=== Information ===
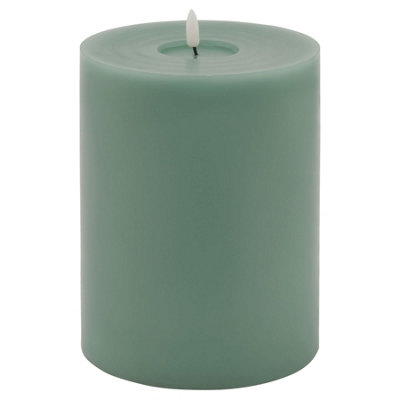 Luxe  Collection  Melt  Effect  6X8  Sage  Led  Wax  Candle from B&Q
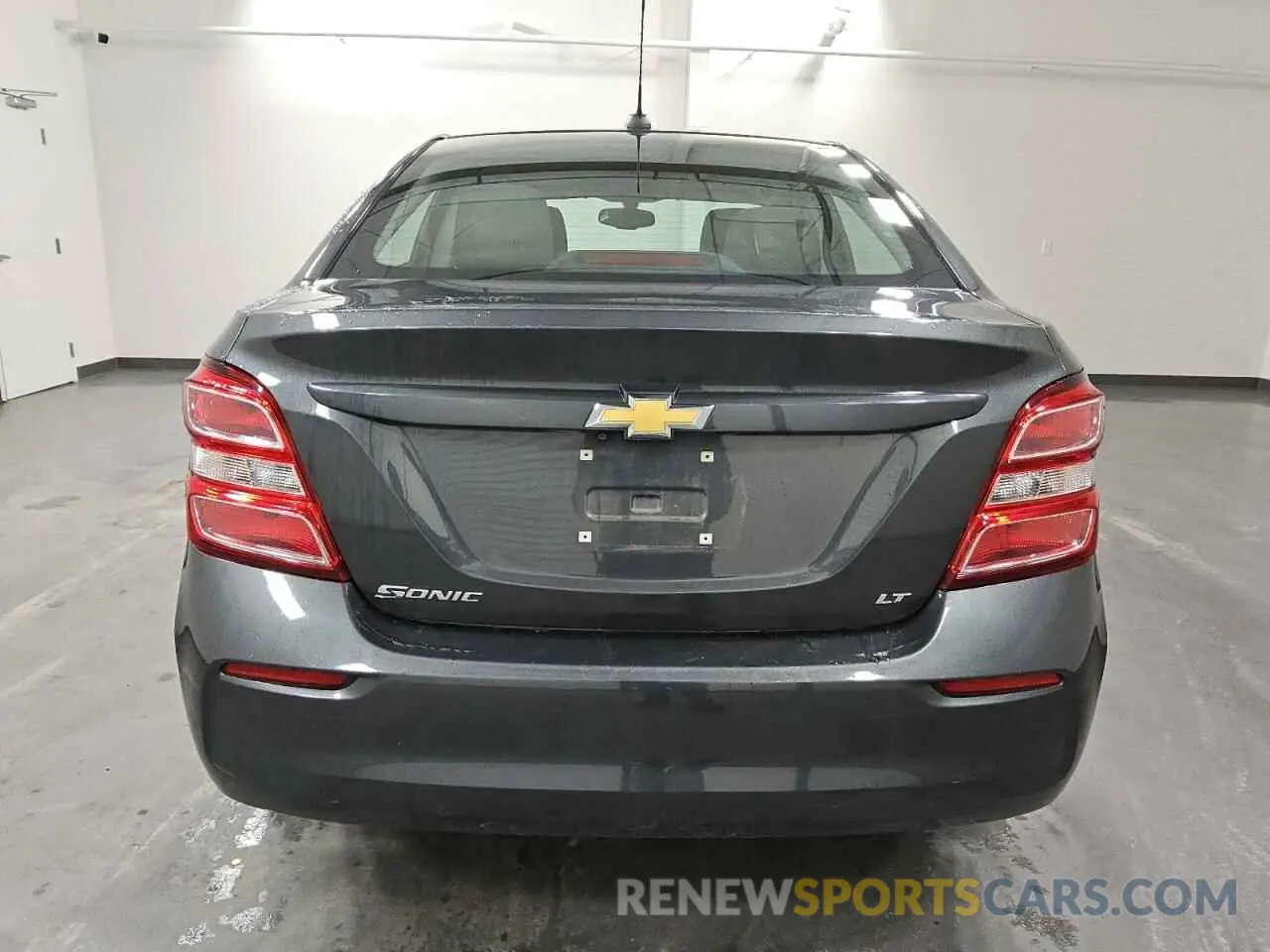 6 Photograph of a damaged car 1G1JD5SB3K4142805 CHEVROLET SONIC 2019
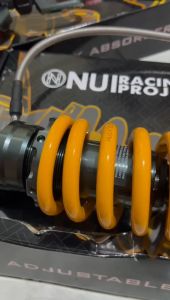 Shockbreaker Tabung Nui Delkevic Yamaha R15 V3 VVA Monoshock Nui Rebound R15 New Shock Tabung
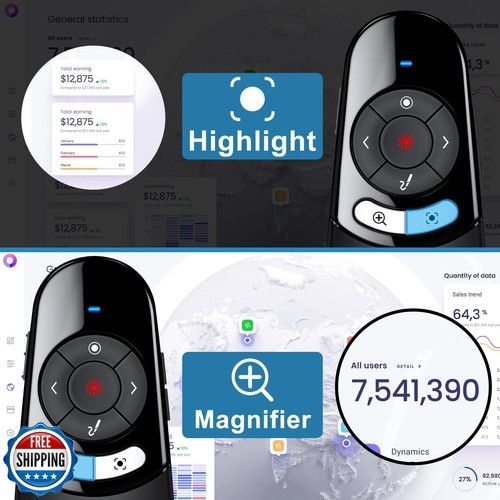 2IN1 Laser Pointer Digital Presentation Clicker on TV Screen w USB Flash Driv - Picture 4 of 5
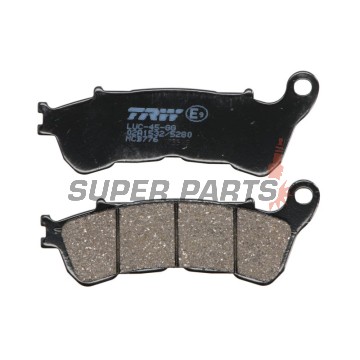 Τακάκια φρένων -TRW- MCB776, Harley-Davidson XL883-1200 Sportster + Honda CB-CBF-CBR/FES-FJS-NSS Forza/NC-NT-SH-ST/VFR-VT-XL + Suzuki Burgman/Sixteen/Boulevard-Intruder 1800 (2004-2018)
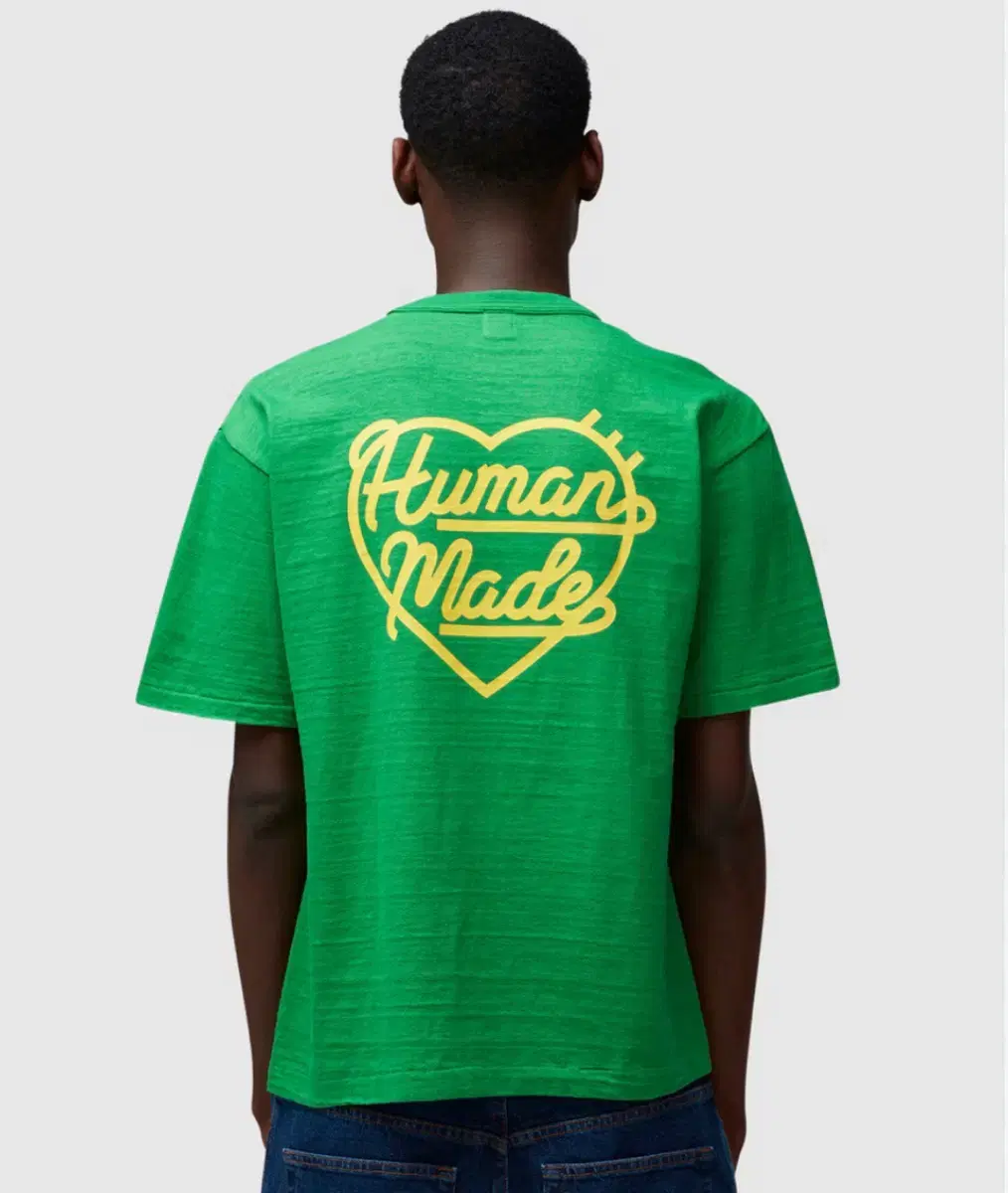 Humanmade SS24 Green X Yellow Short Sleeve Tee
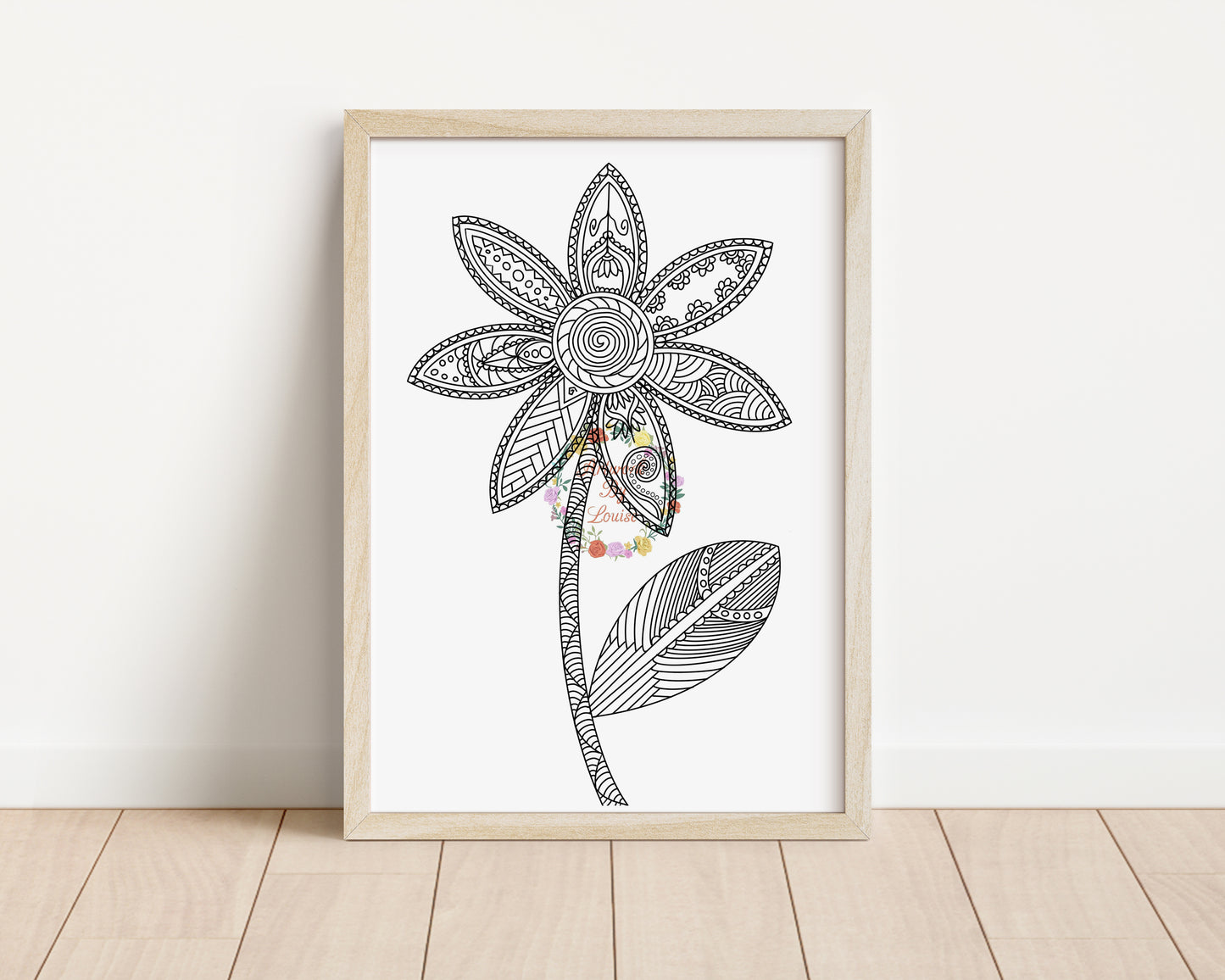 Flower Mandala Art Print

=== Problem to work on ===
Without the pictures, transcribe the listing exactly as it stands.

=== Answer below ===
 Luxe  Collection  Melt  Effect  6X8  Sage  Led  Wax  Candle from B&Q
 6 Photograph of a damaged car 1G1JD5SB3K4142805 CHEVROLET SONIC 2019
 Shockbreaker Tabung Nui Delkevic Yamaha R15 V3 VVA Monoshock Nui Rebound R15 New Shock Tabung
 2IN1 Laser Pointer Digital Presentation Clicker on TV Screen w USB Flash Driv - Picture 4 of 5
 Τακάκια φρένων -TRW- MCB776, Harley-Davidson XL883-1200 Sportster + Honda CB-CBF-CBR/FES-FJS-NSS Forza/NC-NT-SH-ST/VFR-VT-XL + Suzuki Burgman/Sixteen/Boulevard-Intruder 1800 (2004-2018)
 Humanmade SS24 Green X Yellow Short Sleeve Tee
 Flower Mandala Art Print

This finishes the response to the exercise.